Village and civil parish in North Yorkshire, England

Nunnington is a village and civil parish in North Yorkshire, England. The River Rye runs through. Its population, including that of Stonegrave, was 361 at the 2011 census. It is rich in listed historic buildings.

From 1974 to 2023 it was part of the district of Ryedale. It is now administered by the unitary North Yorkshire Council.

==History==
Nunnington Hall is a Grade I listed mansion owned by the National Trust and open to the public.
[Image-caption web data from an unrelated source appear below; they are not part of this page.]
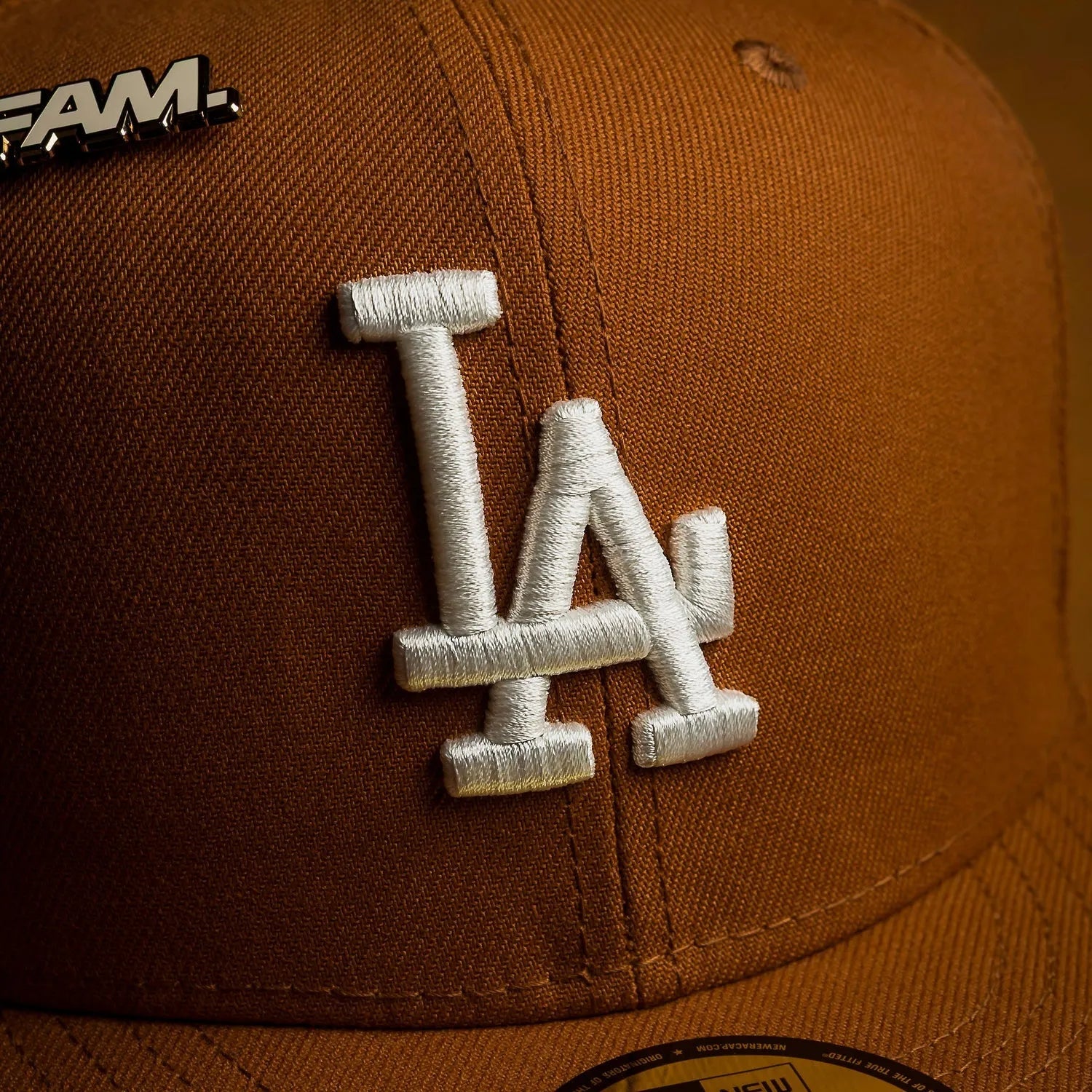 NEW ERA 59FIFTY MLB 60TH STADIUM LOS ANGELES DODGERS EARTHY BROWN / GRAY UV FITTED CAP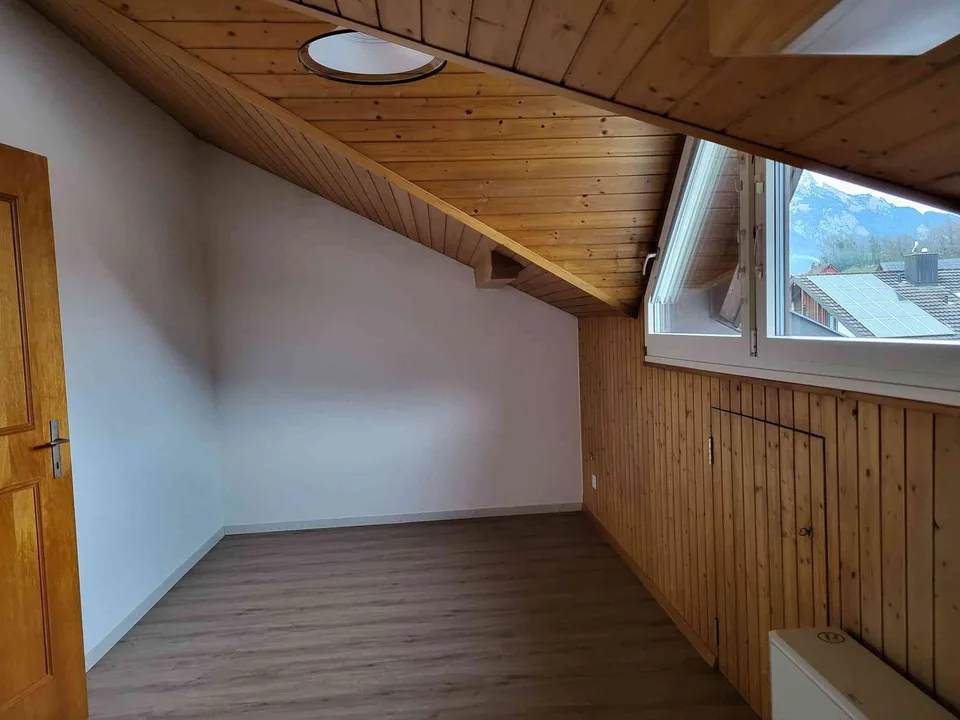 Ruhig gelegene 2-Zimmer-Dachwohnung mit Bergsicht in Kerns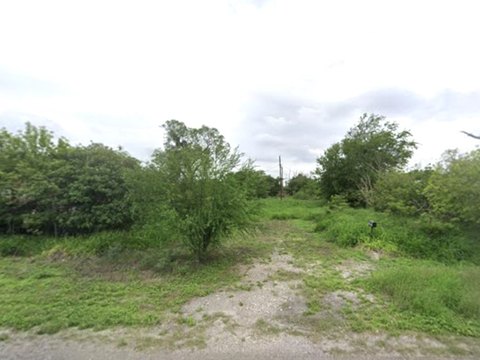Land, Bishop, TX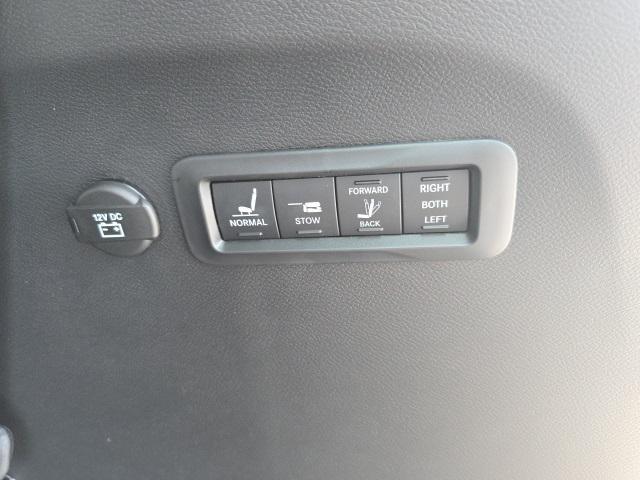 Photo of 2025 Diamond Black Crystal Pearlcoat Chrysler Pacifica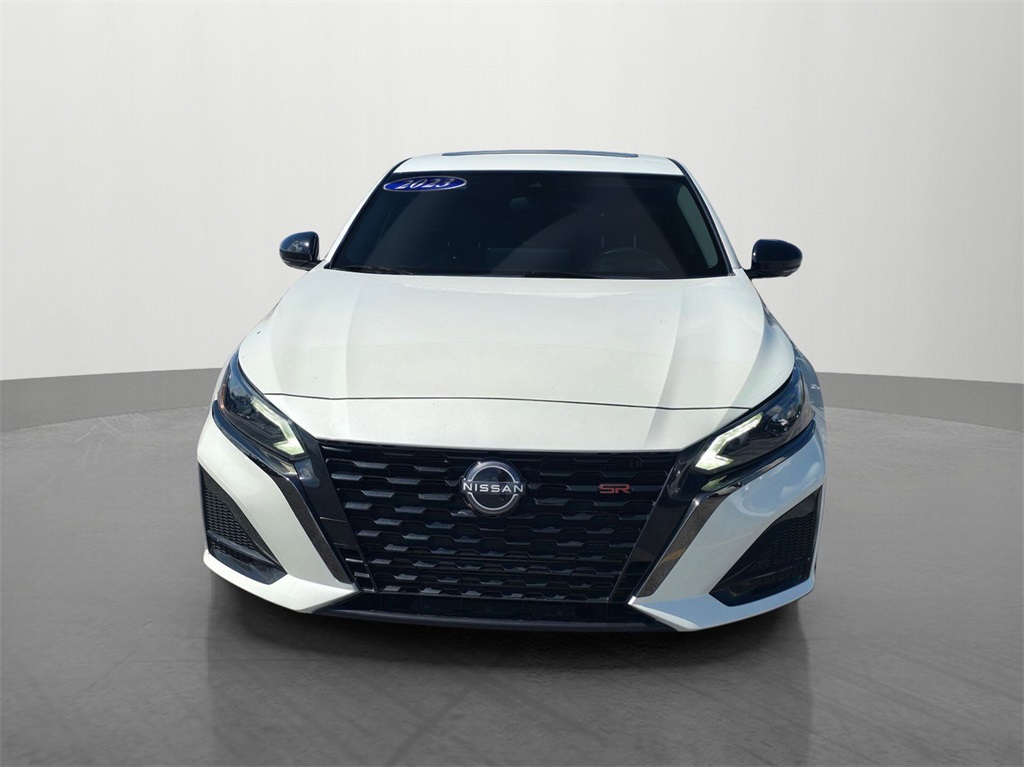 2023 Nissan Altima SR photo 2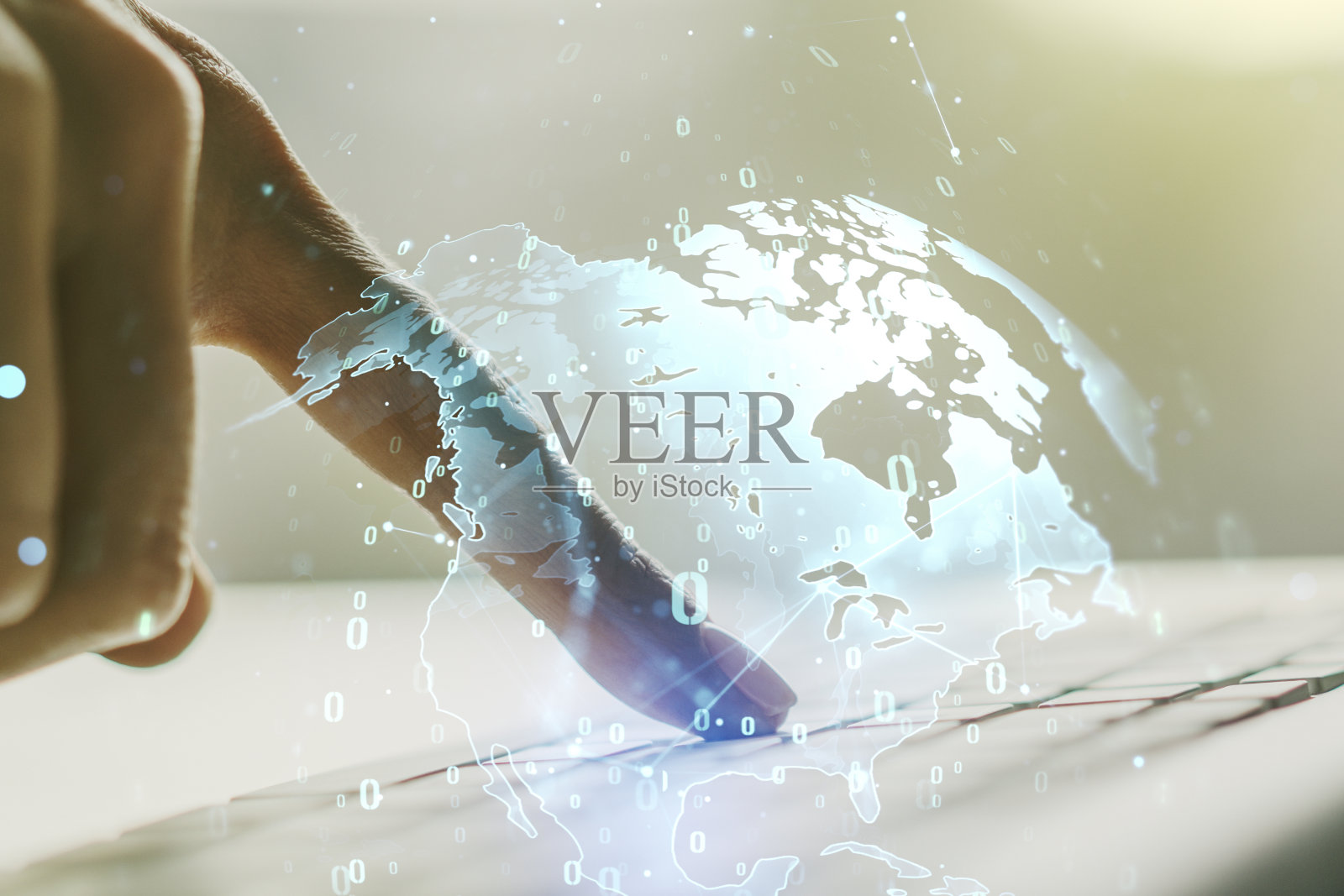 抽象的创意编码插图与世界地图和手工打字在笔记本电脑的背景下，国际软件开发理念。Multiexposure照片摄影图片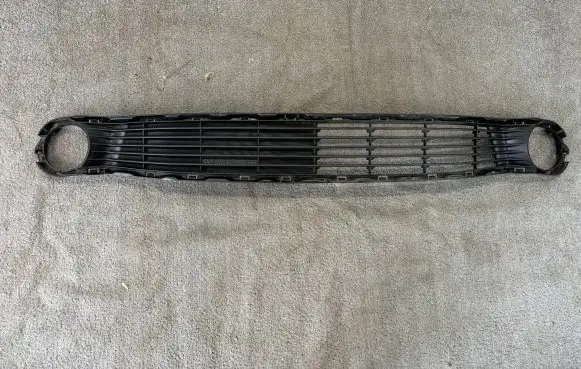 Front bumper lower grill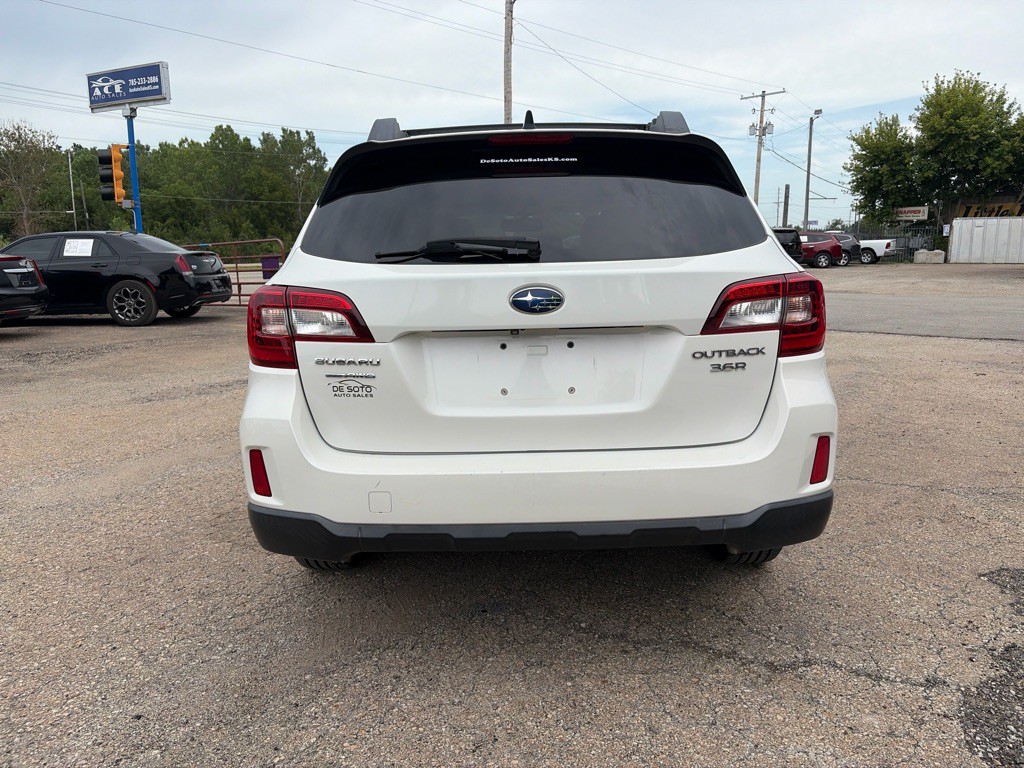 2016 Subaru Outback Image 6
The village has 28 other houses and features listed Grade II, and the Grade II*-listed Nunnington Bridge.

===Church===
All Saints' and St James' Church, Nunnington is a Grade I listed building. The nave and chancel date from the late 13th century and the tower from 1672. The tower, porch and vestry were rebuilt in 1883–1884. There is a fine 17th-century pulpit.

There is a tomb in the church said to belong to a man named Peter Loschy, who slew a dragon in Loschy Wood. In fact, the tomb belongs to Sir Walter de Teyes of Stonegrave Manor.

==Amenities==
===School===
The nearest schools are at Kirkbymoorside and Malton. Nunnington Church of England School dwindled and closed seemingly before the Second World War.

===Public transport===
Nunnington railway station lay 1 mi west of the village. It closed to passengers in 1953. The nearest railway station is at Malton (10.2 miles, 16.4 km). There are no public bus services for the village at present.

==Notable residents==
Former residents of Nunnington have included the writers Annie Keary (1825–1879) and Eliza Harriett Keary (1827–1918) in the 1840s, while their father William Keary (died 1859) was rector. Annie Keary's children's book Mia and Charlie; or a Week's Holiday at Ryedale Rectory (London/Winchester, 1855) recounts the story of a Proud Lady of "Nunningham", who haunts the hall.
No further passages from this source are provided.